DKT Workflow
The tool provides a fully automated workflow for the creation of metadata packages compliant with the National Digital Library standards for the digitisation of broadside ballads. Based on a batch of input images, the system automatically detects barcodes, separates images into individual items, ensures the correct ordering of pages, and enriches the records with bibliographic metadata retrieved from the library catalogue via the Z39.50 protocol. The tool converts metadata into MODS, METS, and ALTO formats, performs optical character recognition using the PERO OCR engine, converts image files into JPEG2000 format, and generates a complete package ready for ingestion into the Kramerius digital library and long-term digital preservation systems. The fully automated workflow eliminates manual intervention, significantly reduces time and staffing requirements, and minimises the risk of human error when processing large volumes of small printed materials.
PDF Curator
PDF Curator is a tool designed to convert any PDF file into a structured JSON format.
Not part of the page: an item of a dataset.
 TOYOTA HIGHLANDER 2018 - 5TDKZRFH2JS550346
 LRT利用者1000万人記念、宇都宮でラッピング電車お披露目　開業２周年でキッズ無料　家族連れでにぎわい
Using OCR, Layout Detection, and Image Captioning techniques, the resulting JSON file captures key document elements, including:
- Text from individual pages
- Coordinates of text blocks
- Chapter headings and chapter lists
- Coordinates and descriptions of non-text elements
- A list of non-text elements, and more.
Libri Augmentati
This software downloads all available (or selected) data and metadata, like MODS, FOXML, DC, ALTO, and images, from digital libraries based on the system Kramerius and stores it on the local system. This software also uses services provided by the LINDAT/CLARIAH-CZ Research Infrastructure (https://lindat.cz "LINDAT/CLARIAH-CZ Research Infrastructure"), supported by the Ministry of Education, Youth and Sports of the Czech Republic (Project No. LM2023062).
Marc Comparator
The MARC Comparator Project is a comprehensive system for processing MARC bibliographic records, providing both a Python SDK and a full-featured backend-client application. It enables validation, comparison, and authority linking of MARC records, with support for external catalog Aleph. The React client provides an intuitive interface for users to interact with the backend.